Pour le président Issoufou, l'allégeance de Boko Haram au groupe État islamique ne change en rien la donne d'un point de vue opérationnel, précisant que les services de renseignement restent mobilisés. Une attention est accordée au front du nord ''qui reste ouvert et que nous ne perdons pas de vue''. «C'est la raison pour laquelle nous saluons l'accord d'Alger, conclu entre le gouvernement malien et les mouvements armés qui n'ont pas d'accointances avec les groupes terroristes; il nous permet de mieux isoler ces derniers pour mieux les combattre», a-t-il dit. Par contre le Chef de l'Etat s'est refusé à tout commentaire sur le processus de transition au Burkina. «Je ne m'ingère pas dans les affaires du Burkina et ne soutiens personne» a-t-il déclaré.

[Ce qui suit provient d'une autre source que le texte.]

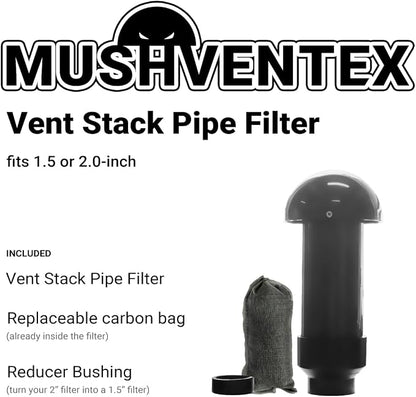 Vent Stack Pipe Filter with Mushroom Cap | Eliminates Outdoor Odors | Fits - Image 2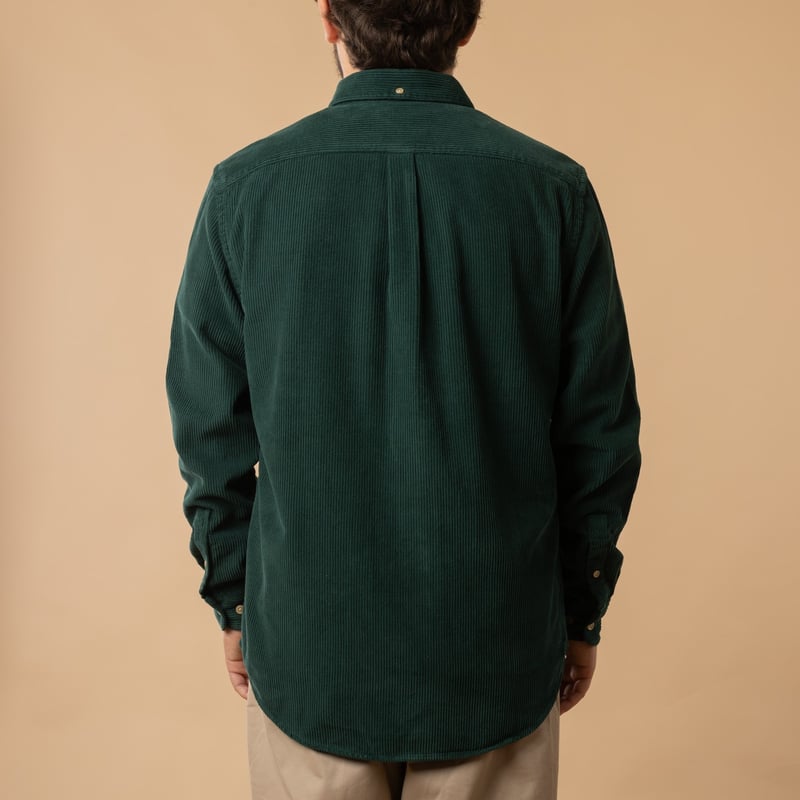 Portuguese Flannel Lobo corduroy shirt in Green, back view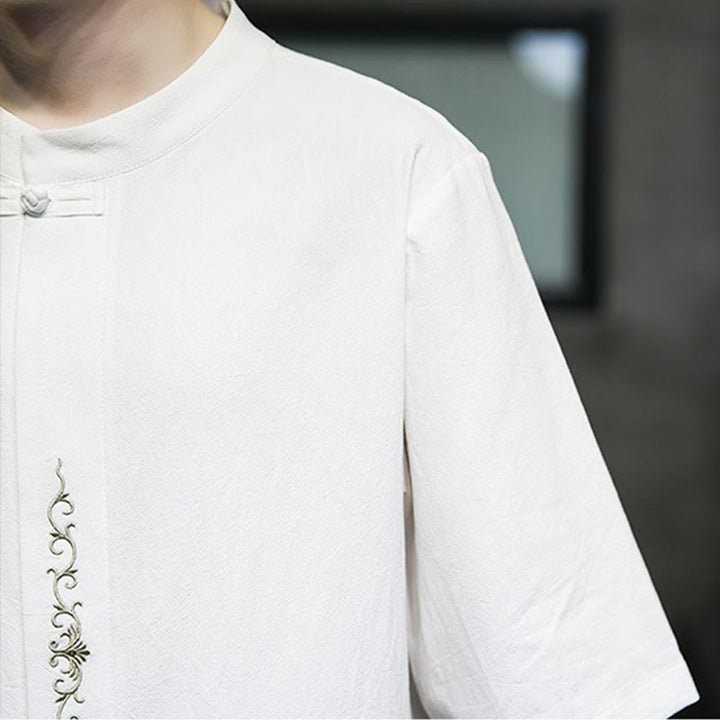 Cardigan décontracté en coton et lin pour homme, couleur unie, avec broderie de boutons grenouille et Buddha Stones - image 29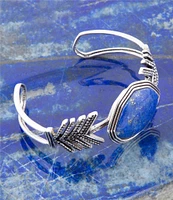 Barse Sterling Silver and Genuine Stone Lapis Go West Cuff Bracelet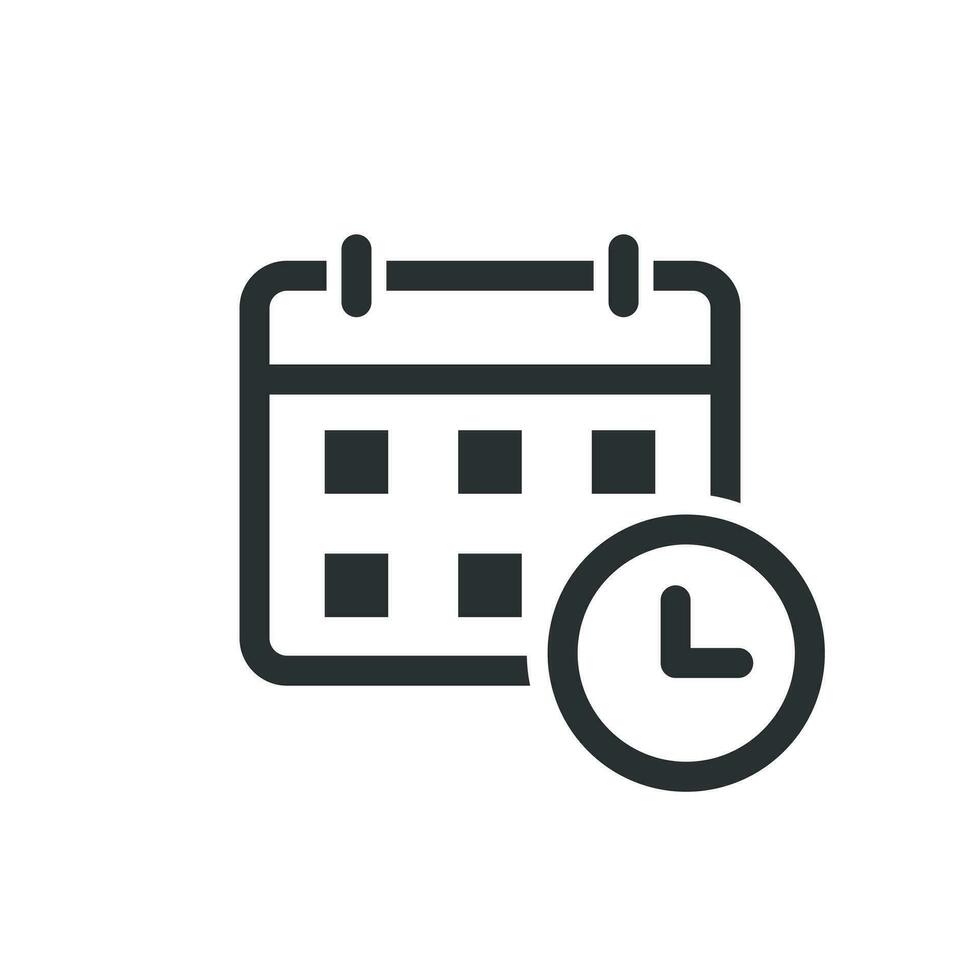 calendario ordine del giorno icona nel piatto stile. progettista vettore illustrazione su bianca isolato sfondo. calendario attività commerciale concetto.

Enfin, relativement à l'accord avec Areva, le Président Issoufou a estimé qu'il est transparent et équilibré. «Il a fait l'objet d'un débat au Parlement. Areva a été soumis aux nouvelles dispositions fiscales du code minier 2006. Nous pen¬sons avoir obtenu un bon accord, qui est actuellement mis en œuvre. Il est consultable au ministère des Mines. On n'a rien à cacher », a-t-il dit.